普段、温厚な主人ですが、時々、吐く冷たい言葉に悩んでいます。これからも人生を共に歩んでいきたいと思っています。よろしくお願いします。
結婚して3年目。1歳の息子がいます。
先日、家族3人で帰国し、飛行機から降りたときのことです。9キロになる息子を抱いて飛行機から降りました。空港までバスで移動するわけですが、バスが満席でした。仕方なく左手に息子を抱きかかえ、右手で吊り革を持ち、揺れる車内をなんとかケガなく過ごしました。主人は隣で手荷物を持ち、真横で「腕がちぎれそう!」と困る私を助けるわけもなく、話しかけてきます。
バスが空港に着き「誰も席を譲ってくれなかった。腕が痛い」と訴えましたが、返ってきた言葉に失望しました。「大丈夫かと思うじゃないか。アピールしなかった君が悪い。席を譲ってって言えばいい」。真横で嫁が必死に吊り革につかまって揺れる車内を耐えているのにです。夫として何もしなかった自分は悪くないような顔をしていました。

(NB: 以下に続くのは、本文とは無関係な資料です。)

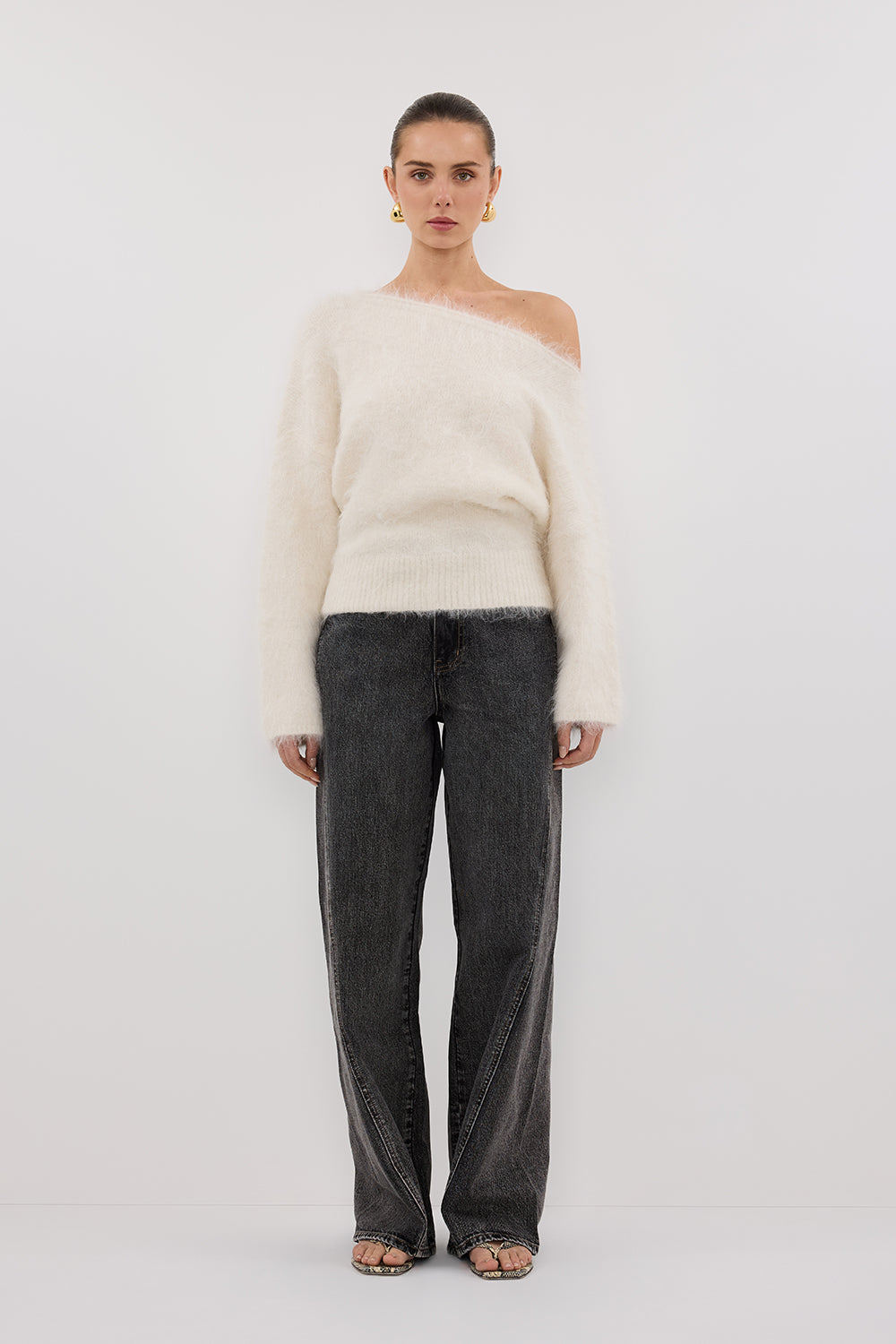 Salma Ivory Asymmetric Neckline Knit Jumper - Relaxed Fit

こんなトンチンカンな人だとは思っていませんでした。自分は悪くないし、周りが悪い。そんなふうに主張することがたびたびあるので、私が悪いのかと思ってしまいノイローゼになるときがあります。言い返すと屁理屈を並べて攻め立てます。
疲れました。助けてください。
今回のご相談ほど身につまされるものはありません。「夫」と言いながら、まるで私のことを責めているようです。私もあなたのご主人とほぼ同じ「反応」をするのであって、何度も妻から見限られてきました。そして、私の父もそうでした。私は父を恨み続けていた母を嫌い、そうさせていた父を嫌っていたのですが(死語15年をこえた今でも嫌っている)、結婚してみると、やはり(ほかにモデルがないので)父のようになりました。根本のところで妻に対して「思いやり」のない人間であり、その結果、父を罵倒していた母と同じ台詞が、テープを巻き戻したように、同じ口調で妻の口から私に浴びせかけられます。